Lagman çok iyi değil
Kadıköy Altıyol’daki Afsona lokantasında lagman var. Ama bunu tavsiye etmem. Daha önce Vatan Caddesi’ndeki bir Uygur lokantasında denediğim düzeye yakın değil.
Ama tavsiye edeceğim yemekler yok değil. Havuç salatası: Havuç rendesi, patlıcan ve kırmızı biber. Bu düzgün ve hafif. Olive dedikleri salataysa klasik Rus salatası. Buna ABD’de rastlamazsınız ama benim çocukluğumda Rusya’ya kızıp adını Amerikan olarak değiştirmiştik. Şimdi Amerika’ya kızıyoruz, salatanın tarihsel ve gerçek adını kullanabiliriz. Azıcık duygusalızdır. Öte yandan olive hazır mayonezden yapıldığı için tavsiye etmiyorum.

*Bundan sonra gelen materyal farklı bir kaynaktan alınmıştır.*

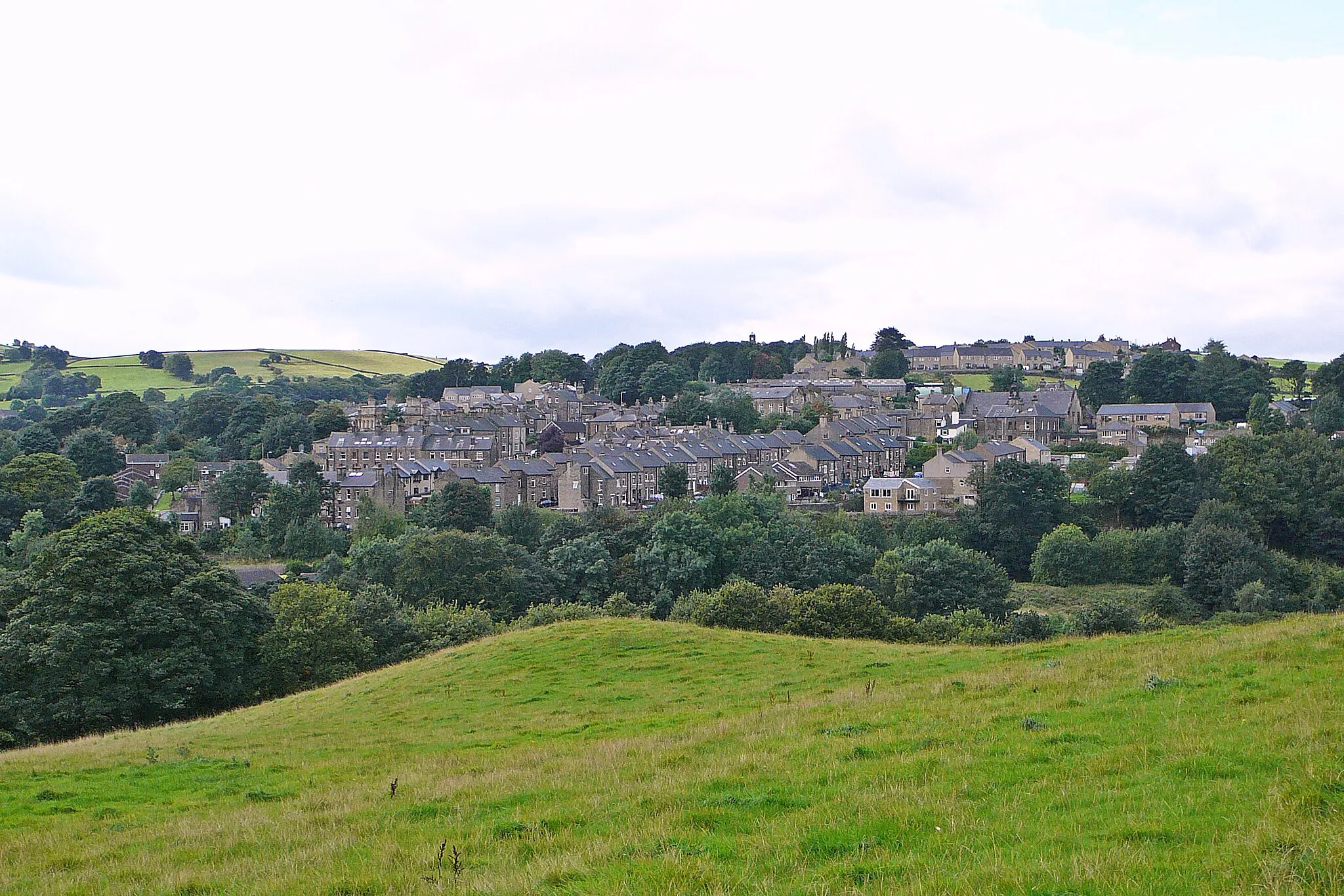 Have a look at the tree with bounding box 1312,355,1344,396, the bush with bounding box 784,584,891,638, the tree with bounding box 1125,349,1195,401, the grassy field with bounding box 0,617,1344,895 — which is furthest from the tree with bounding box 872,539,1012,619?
the tree with bounding box 1312,355,1344,396

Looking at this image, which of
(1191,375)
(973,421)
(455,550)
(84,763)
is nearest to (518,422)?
(973,421)

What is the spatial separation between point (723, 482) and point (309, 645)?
192 ft

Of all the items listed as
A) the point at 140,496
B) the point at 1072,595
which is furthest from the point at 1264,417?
the point at 140,496

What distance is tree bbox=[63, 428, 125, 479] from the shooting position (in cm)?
9881

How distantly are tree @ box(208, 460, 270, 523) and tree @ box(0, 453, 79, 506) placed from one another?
432 inches

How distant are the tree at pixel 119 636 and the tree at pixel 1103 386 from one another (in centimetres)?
10575

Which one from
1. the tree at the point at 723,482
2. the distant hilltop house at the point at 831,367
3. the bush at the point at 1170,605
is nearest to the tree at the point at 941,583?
the bush at the point at 1170,605

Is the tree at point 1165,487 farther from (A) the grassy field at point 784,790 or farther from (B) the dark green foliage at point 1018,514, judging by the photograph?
(A) the grassy field at point 784,790

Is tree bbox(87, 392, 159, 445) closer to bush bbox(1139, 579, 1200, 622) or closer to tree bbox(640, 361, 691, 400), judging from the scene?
tree bbox(640, 361, 691, 400)

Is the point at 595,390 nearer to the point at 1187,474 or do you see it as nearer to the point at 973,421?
the point at 973,421

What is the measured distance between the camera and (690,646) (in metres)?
26.4

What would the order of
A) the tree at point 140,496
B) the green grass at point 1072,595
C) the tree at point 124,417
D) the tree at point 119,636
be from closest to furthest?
the tree at point 119,636
the green grass at point 1072,595
the tree at point 140,496
the tree at point 124,417

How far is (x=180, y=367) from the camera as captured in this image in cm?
17662

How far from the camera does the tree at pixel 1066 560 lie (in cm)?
6700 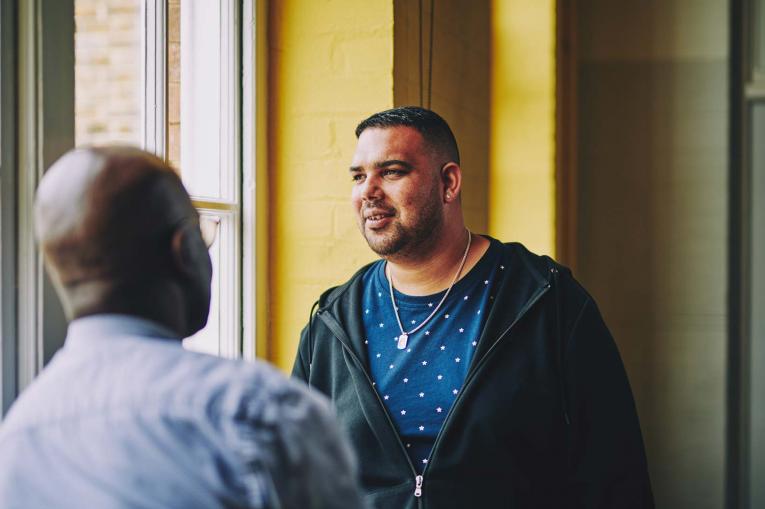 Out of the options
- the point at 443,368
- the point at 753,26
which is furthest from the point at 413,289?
the point at 753,26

Bir nevi üçgen şeklinde börek olan somsayı ise tavsiye ediyorum. İçi dana kıyma. Çiğbörek gibi. İçi sulu. Domates ve biberli sosuyla bayağı lezzetli.
Özbek mantısını ben çok seviyorum. Özel çift kat, delikli bir tenceresi var. Buharda pişiyor. İçinde soğan ve baharatlı kıyma da olabiliyor, parça et de. Yoğurtlu değil. Bize evde bir-iki kez Özbek hanımlar farklı versiyonlarını pişirdi. Sos olarak pulbiberli, erimiş sade yağ kullandılar. Afsona’da hamur evdeki kadar ince açılmamıştı ama ben sevdim. Sos olarak hem yoğurt hem de domates ve biberli bir salça kullanılmıştı.
Fiççi minik pide gibi gayet leziz bir hamurişi. Kat kat açılmış, yağlı baklava hamuru gibi hamuru. Kıyması bol soğanlı ve yağlı. Acılı sosla da yenilebilir, yoğurtla da.
Afsona, Kadıköy Sögütlüçeşme’de. (0216) 803 04 64
Üç kebap deniyoruz. Lüle kebap açık arayla en iyisi. Dana eti yağlı. Kebap dana döşten. Bu kebap için gerekli eti bizde bulamadıkları için etin Türkmenistan’dan geldiğini söylüyorlar. Lezzeti bana İnegöl köfteyi andırdı. Kuzu şaşlık aşırı tuzlu. Kazan kebapsa bana biraz kuru geldi. Yağlar alttaki patates tabakasına geçmiş.
Özbek pilavı, lokantaya birlikte gittiğimiz Özbek arkadaşların söylediğine göre, Semarkand cinsi. Et ve havuç ayrı pişmiş. Taşkent versiyonunda et ve havuç birlikte pişiyor, et kemikli oluyor ve suyu pilava entegre oluyor. Gene de pilavı orta üstü buldum.
Tatlılar da belli bir düzeyi tutturuyor. Biri midavik. Süt, bal ve pandispanya. Kremasında reçel var. Diğeriyse ‘napoleon’. Bir nevi milföy. Benim tercihim ilki.
“Lüks bir Uygur lokantası açılıp 100 TL’ye lagman satsa kıyamet kopar ama adı ‘Alla Fanfinfonatta’ olan bir yabancı lokanta 100 TL’ye
fettuccine sunsa kimse burun kıvırmaz.”